INSTRUCTIONS FOR THE TASK:
How many lines of the entries hold the string "Jeep"? Reply with the number alone.

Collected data
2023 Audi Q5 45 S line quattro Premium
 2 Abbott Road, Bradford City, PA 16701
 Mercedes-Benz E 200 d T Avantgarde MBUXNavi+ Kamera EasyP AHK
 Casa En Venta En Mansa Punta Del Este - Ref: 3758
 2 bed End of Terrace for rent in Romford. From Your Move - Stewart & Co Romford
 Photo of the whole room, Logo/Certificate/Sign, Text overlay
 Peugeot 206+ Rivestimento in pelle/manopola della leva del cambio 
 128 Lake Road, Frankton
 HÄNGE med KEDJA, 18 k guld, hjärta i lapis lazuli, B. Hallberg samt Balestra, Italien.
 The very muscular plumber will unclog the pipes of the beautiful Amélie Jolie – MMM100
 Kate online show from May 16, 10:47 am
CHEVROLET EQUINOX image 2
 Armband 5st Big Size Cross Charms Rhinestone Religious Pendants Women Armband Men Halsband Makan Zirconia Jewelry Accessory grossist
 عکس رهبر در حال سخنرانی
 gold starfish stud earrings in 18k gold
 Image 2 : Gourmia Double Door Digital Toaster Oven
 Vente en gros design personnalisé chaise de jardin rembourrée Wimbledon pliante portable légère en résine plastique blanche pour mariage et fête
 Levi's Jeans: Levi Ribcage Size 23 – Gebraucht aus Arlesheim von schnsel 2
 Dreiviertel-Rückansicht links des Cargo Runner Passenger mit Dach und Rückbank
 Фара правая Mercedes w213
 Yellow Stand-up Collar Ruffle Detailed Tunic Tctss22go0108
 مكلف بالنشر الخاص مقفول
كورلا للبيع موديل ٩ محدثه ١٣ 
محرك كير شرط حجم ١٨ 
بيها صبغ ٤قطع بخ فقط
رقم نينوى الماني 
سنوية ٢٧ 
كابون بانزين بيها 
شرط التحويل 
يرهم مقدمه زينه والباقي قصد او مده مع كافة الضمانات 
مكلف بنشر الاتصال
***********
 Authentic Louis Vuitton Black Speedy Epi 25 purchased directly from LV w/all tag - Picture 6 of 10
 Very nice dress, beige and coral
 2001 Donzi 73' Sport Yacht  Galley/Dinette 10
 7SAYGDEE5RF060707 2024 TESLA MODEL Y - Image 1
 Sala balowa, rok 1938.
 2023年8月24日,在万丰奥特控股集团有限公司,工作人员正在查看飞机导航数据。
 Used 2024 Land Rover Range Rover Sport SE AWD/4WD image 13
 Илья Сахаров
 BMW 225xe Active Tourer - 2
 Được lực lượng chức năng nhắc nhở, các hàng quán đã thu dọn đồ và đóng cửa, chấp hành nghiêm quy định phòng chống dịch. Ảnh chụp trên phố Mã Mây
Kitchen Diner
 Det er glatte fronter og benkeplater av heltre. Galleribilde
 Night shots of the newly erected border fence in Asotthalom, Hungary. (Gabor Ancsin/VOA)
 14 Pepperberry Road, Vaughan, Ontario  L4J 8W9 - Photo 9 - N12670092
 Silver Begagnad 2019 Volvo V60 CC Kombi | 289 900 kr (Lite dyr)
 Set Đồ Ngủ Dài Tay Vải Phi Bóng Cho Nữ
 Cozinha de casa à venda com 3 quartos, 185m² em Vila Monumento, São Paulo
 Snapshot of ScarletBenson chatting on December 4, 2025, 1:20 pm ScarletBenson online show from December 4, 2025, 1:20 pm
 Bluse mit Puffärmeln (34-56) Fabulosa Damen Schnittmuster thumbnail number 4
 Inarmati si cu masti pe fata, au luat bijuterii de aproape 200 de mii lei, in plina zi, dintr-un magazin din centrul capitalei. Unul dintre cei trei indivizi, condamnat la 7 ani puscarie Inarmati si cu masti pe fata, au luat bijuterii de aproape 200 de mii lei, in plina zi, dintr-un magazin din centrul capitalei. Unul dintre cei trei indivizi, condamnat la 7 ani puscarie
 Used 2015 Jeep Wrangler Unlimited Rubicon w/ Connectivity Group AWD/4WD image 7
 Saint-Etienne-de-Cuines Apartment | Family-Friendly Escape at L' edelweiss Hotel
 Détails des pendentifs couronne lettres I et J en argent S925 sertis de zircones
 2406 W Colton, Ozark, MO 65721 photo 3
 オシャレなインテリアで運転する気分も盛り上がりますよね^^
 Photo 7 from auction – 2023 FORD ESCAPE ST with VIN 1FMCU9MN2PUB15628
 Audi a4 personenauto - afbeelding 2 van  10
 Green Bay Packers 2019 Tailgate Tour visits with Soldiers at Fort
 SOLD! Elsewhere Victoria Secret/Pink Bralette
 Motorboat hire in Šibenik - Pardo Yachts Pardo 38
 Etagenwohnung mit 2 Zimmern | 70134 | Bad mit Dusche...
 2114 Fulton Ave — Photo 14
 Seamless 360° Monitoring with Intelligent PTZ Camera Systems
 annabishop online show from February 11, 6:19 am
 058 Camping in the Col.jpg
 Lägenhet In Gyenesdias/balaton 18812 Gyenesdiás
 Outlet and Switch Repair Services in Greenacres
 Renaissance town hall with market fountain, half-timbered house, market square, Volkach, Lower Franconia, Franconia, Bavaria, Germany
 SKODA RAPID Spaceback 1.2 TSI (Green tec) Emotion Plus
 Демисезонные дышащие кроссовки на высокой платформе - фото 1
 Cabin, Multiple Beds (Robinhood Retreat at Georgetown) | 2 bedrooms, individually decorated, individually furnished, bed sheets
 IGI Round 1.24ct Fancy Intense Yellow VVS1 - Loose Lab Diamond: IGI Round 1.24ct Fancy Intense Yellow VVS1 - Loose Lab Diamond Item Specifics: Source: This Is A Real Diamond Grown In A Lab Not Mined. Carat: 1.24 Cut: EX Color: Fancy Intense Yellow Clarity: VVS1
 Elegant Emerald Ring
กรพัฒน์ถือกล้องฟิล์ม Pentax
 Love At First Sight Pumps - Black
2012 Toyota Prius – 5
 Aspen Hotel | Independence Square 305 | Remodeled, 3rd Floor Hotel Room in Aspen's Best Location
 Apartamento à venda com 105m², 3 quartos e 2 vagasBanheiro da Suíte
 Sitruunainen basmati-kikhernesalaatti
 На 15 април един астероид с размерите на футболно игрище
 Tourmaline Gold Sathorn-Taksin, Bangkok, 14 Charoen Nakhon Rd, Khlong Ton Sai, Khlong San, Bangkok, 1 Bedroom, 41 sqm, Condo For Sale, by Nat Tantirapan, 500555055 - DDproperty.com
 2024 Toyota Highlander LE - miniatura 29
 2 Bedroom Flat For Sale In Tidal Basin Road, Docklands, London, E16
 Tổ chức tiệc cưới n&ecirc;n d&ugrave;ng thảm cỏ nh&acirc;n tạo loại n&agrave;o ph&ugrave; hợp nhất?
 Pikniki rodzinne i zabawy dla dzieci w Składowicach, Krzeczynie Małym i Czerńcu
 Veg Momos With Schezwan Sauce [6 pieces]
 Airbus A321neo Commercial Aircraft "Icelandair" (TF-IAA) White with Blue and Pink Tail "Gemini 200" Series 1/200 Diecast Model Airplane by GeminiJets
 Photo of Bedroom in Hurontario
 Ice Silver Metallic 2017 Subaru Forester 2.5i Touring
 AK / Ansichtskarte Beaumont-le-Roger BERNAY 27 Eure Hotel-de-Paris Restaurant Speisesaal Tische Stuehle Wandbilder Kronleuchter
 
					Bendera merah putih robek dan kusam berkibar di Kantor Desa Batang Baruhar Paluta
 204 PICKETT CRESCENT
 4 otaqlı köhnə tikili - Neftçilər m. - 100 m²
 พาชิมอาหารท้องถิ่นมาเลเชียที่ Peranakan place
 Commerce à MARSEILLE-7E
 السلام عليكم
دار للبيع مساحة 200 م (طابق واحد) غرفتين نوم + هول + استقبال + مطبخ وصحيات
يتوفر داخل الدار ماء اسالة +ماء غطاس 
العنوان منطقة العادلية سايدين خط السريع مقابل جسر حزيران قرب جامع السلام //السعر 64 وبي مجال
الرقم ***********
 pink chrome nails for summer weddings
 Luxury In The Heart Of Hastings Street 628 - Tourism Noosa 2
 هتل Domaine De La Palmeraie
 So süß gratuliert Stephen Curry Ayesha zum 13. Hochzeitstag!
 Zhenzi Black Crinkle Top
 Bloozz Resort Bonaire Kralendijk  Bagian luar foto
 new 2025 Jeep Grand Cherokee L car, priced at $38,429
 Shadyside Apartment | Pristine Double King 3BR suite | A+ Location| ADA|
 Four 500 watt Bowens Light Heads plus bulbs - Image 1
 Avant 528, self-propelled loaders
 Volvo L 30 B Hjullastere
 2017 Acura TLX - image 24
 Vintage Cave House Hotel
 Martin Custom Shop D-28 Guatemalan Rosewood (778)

SOLUTION TO THIS PROBLEM:
2